## Data supplied
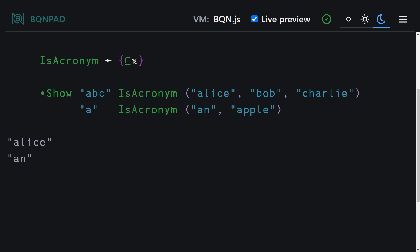So in order to get the first character out of each string, we need to make a call to a modifier called each and this will get us our acronym.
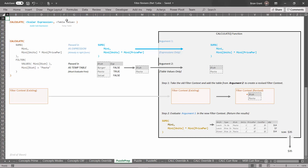Argument 2 is expecting a table value — emphasis on value. It doesn't want an expression. Even though it's written as an expression, the gate for argument 2 is value-shaped. So this has to be converted into a value before it can get passed in. We go get all the dishes, figure out which one equals pasta, keep the true row, and we get a temp table. This bit of code gets converted to a temp table, and then the temp table — not the code — gets passed in.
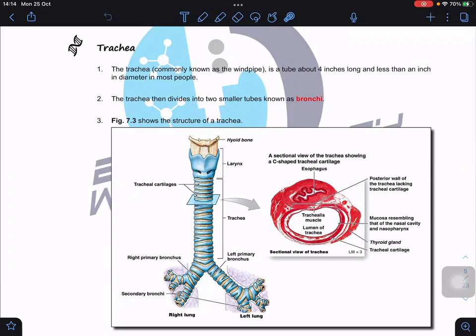If we cut here, this is known as the transverse section. In this transverse section you can see that we have the cartilage and the lumen. We are going to talk about each region of the trachea in detail. Before we proceed, let me do a quick drawing of the trachea, showing each part and what type of tissues are available there and the functions of each layer.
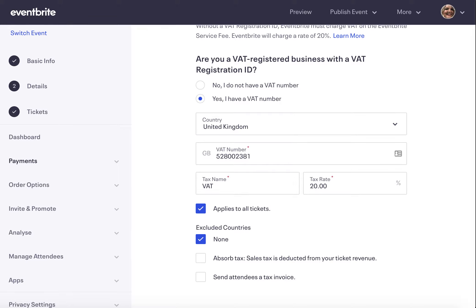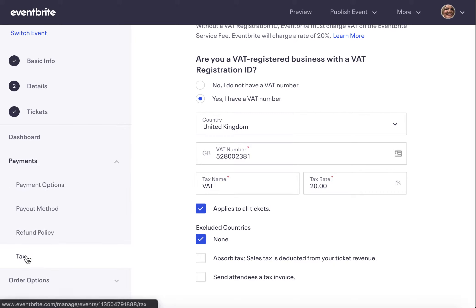To set up this tax rate for new events or update it on live events, you'll need to navigate to the payments section of your event on the left hand side menu and select tax. Here, if you're VAT registered, you'll need to select yes, enter in the country your tax ID is registered in, your VAT number, the tax name — which for the UK would be VAT — and the rate.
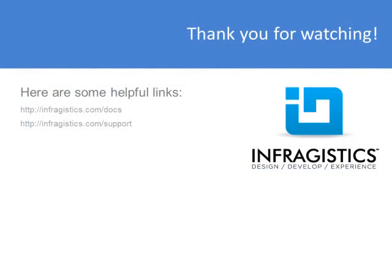Infragistics. On the web at Infragistics.com.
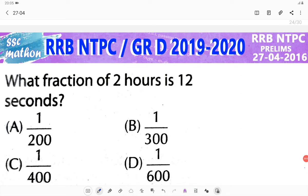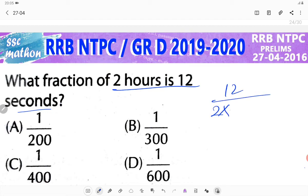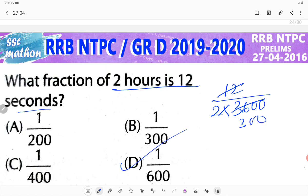Hello everyone, welcome back to SS Mithra Mpindy Vizy Films. 2016 question: what is the fraction of 2 hours in 12 seconds? 2 hours is 7200 seconds, so 12 seconds as a fraction of 2 hours — 2 into 3600 gives 7200 seconds. So 12 by 7200 equals 1 by 600. 1/600 is the correct answer.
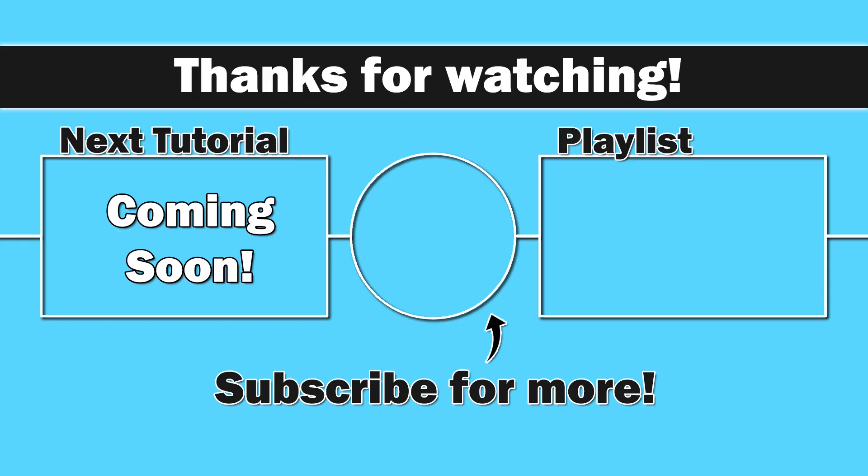So next up, we're going to talk about overloading methods to where we can use the same method name in different ways. Thank you for watching, everybody. I do appreciate you. Hopefully this has been helpful. Happy coding. And until next time, as always, take care.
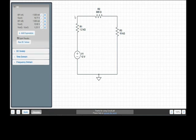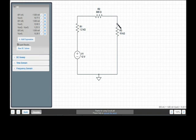This pretty much concludes how basic operations in CircuitLab are handled.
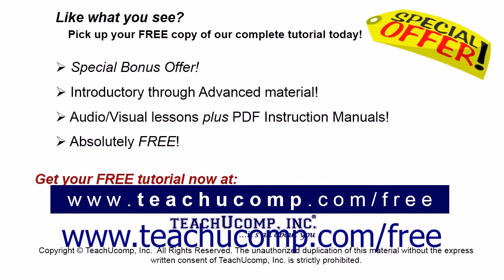Like what you see? Pick up your free copy of the complete tutorial at www.teachucomp.com/free.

## Exercise brief
Everything from the first line of the records through the line containing "Infragistics. On the web at Infragistics.com." should be repeated exactly, with the pictures left out.

## Task response
So in order to get the first character out of each string, we need to make a call to a modifier called each and this will get us our acronym.
Argument 2 is expecting a table value — emphasis on value. It doesn't want an expression. Even though it's written as an expression, the gate for argument 2 is value-shaped. So this has to be converted into a value before it can get passed in. We go get all the dishes, figure out which one equals pasta, keep the true row, and we get a temp table. This bit of code gets converted to a temp table, and then the temp table — not the code — gets passed in.
If we cut here, this is known as the transverse section. In this transverse section you can see that we have the cartilage and the lumen. We are going to talk about each region of the trachea in detail. Before we proceed, let me do a quick drawing of the trachea, showing each part and what type of tissues are available there and the functions of each layer.
To set up this tax rate for new events or update it on live events, you'll need to navigate to the payments section of your event on the left hand side menu and select tax. Here, if you're VAT registered, you'll need to select yes, enter in the country your tax ID is registered in, your VAT number, the tax name — which for the UK would be VAT — and the rate.
Infragistics. On the web at Infragistics.com.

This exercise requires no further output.